# Unemployment after Target



## lilyofthevalley

So Im currently applying for unemployment due to COVID-19. Ive been long gone with Target but they want my job history starting from Oct 2018.  They want to know exactly why I left Target. I couldnt take the mistreatment anymore so I walked out of my store. I'm wondering if there's a way to find out what my store put on my Target record as to why I'm gone...I dont know the category that would fall under and I dont want to make any mistakes with unemployment in case if they contact my store for more info.


----------



## Tarshitsucks

They might not let you do to the fact that left on your own accord rather than be laid off or fired. There are so many people right now that actually out of work because of covid 19. The abuse you suffered might not be enough. I mean you can try by documenting the abuse but Tarshit put that you quit when they call and deny you unemployment. I am sorry Trashshit mistreated you like that though.


----------



## lilyofthevalley

Thank you Im happier that Im gone lol. But I really need the reason that they decided put on my record. I just want to make sure my unemployment claim matches what Target says in case the unemployment office wants to do some verifying. Is there a hotline I can call to find out? If I can avoid calling my store then that would be great lol but I will if I have to.


----------



## JAShands

They would have marked you as Voluntary, nonrehire-able job abandonment. It will always be marked voluntary because you had a choice to work or not and you chose not to. The rest should be self-explanatory. 

If you call HROC they will give you the first and last day of employment as well as the code used to terminate your employment. They might not give you that much right now (they are dealing with a ton of calls from stores right now- huge shout out to Megan and Amanda, you ladies are awesome!!), but they will never give more information than that.


----------



## RandomTM007

If you job abandoned (left with no notice or didn't finish scheduled shifts) Target probably put you as that. Basically you're covered with saying you simply quit. You could still be eligible though if you took a job after Target and was laid off. Just be sure to document your reasons for leaving as specifically as you can.


----------



## lilyofthevalley

JAShands said:


> They would have marked you as Voluntary, nonrehire-able job abandonment.
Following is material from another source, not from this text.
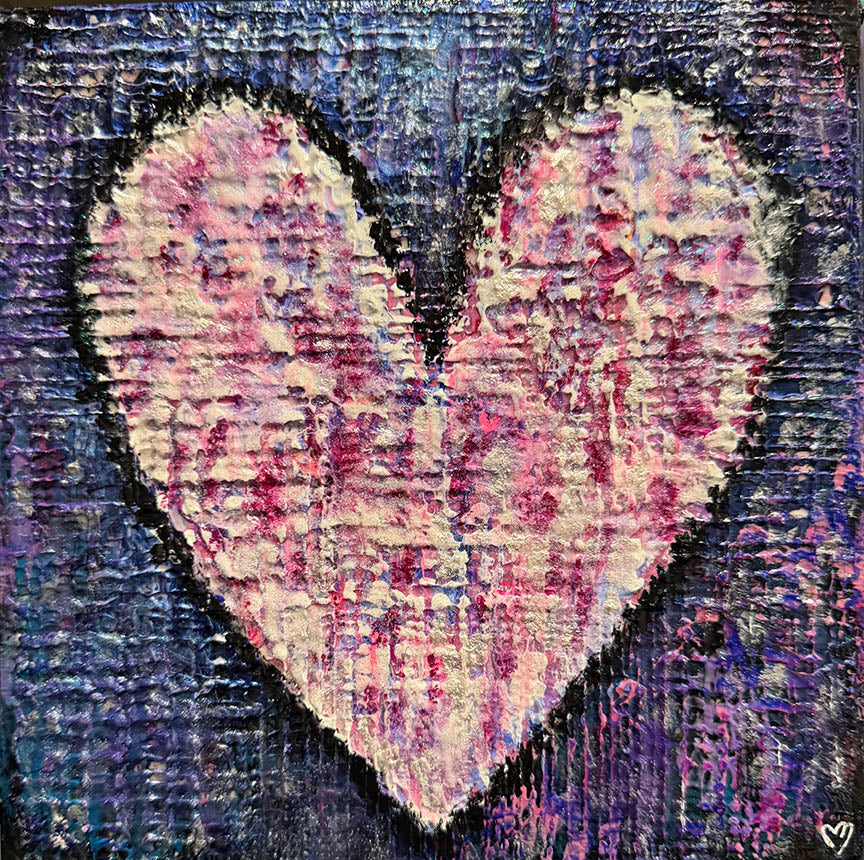 Crystal McDonald HEART 14 Acrylic on canvas, 8x8x1.5 inches.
It will always be marked voluntary because you had a choice to work or not and you chose not to. The rest should be self-explanatory.
> 
> If you call HROC they will give you the first and last day of employment as well as the code used to terminate your employment. They might not give you that much right now (they are dealing with a ton of calls from stores right now- huge shout out to Megan and Amanda, you ladies are awesome!!), but they will never give more information than that.
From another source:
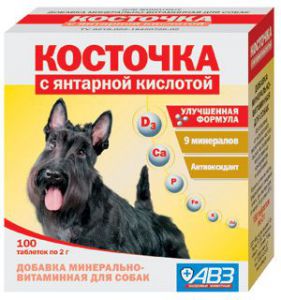 Косточка:> Витаминно-минеральная добавка для собак Косточка с янтарной кислотой 100тб  .В зоомагазине ЗооОстров товары производителя АгроВетЗащита (АВЗ) Россия. Доставка.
I called HROC and it's impossible to talk to a real person on there lol. But I didn't hear any options about finding out the termination code. The only options were: benefits, applying to work at a store, dc, corporate, etc. Nothing about former employees ): The closest option was for employment verification on The Work Number. I logged in using my TM # and the last 4 of SSN/birth year, but it didn't work. I figured maybe it's because Im a former employee. But wouldn't they still allow access though?


----------



## JAShands

I’ve never used the work number but I do know it’s god awful and a pain to set up. 

I’m sorry you weren’t able to get through to HROC, I’m HR and they’ve been picking up before it even rings lately. Which admittedly catches me off guard, I’m used to being stuck on hold with them forever.


----------



## Yetive

Everyone is on with leaves now, lol.


----------



## jackandcat

Most states' unemployment laws require that the decision whether or not to allow benefits includes any employers you worked for during the previous two years.  That is because unemployment is an insurance system with premiums employers pay into. During part of the previous two years which your state looks at to figure out your benefit payment, you worked for Target and if benefits were allowed part of the payout to you would be charged against Target's premiums into the UI fund.  So it's possible Target could challenge you getting unemployment.  The only good thing is that the Coronavirus relief bill just signed into law has some provisions which, I think, loosen up eligibility rules so that might work in your favor, MAYBE.


----------



## Shantf34

How long do I have to work at target to get unemployment benefits


----------



## Hardlinesmaster

Shantf34 said:


> How long do I have to work at target to get unemployment benefits


How long were you at spot?


----------



## Ashfromoldsite

lilyofthevalley said:


> Thank you Im happier that Im gone lol. But I really need the reason that they decided put on my record. I just want to make sure my unemployment claim matches what Target says in case the unemployment office wants to do some verifying. Is there a hotline I can call to find out? If I can avoid calling my store then that would be great lol but I will if I have to.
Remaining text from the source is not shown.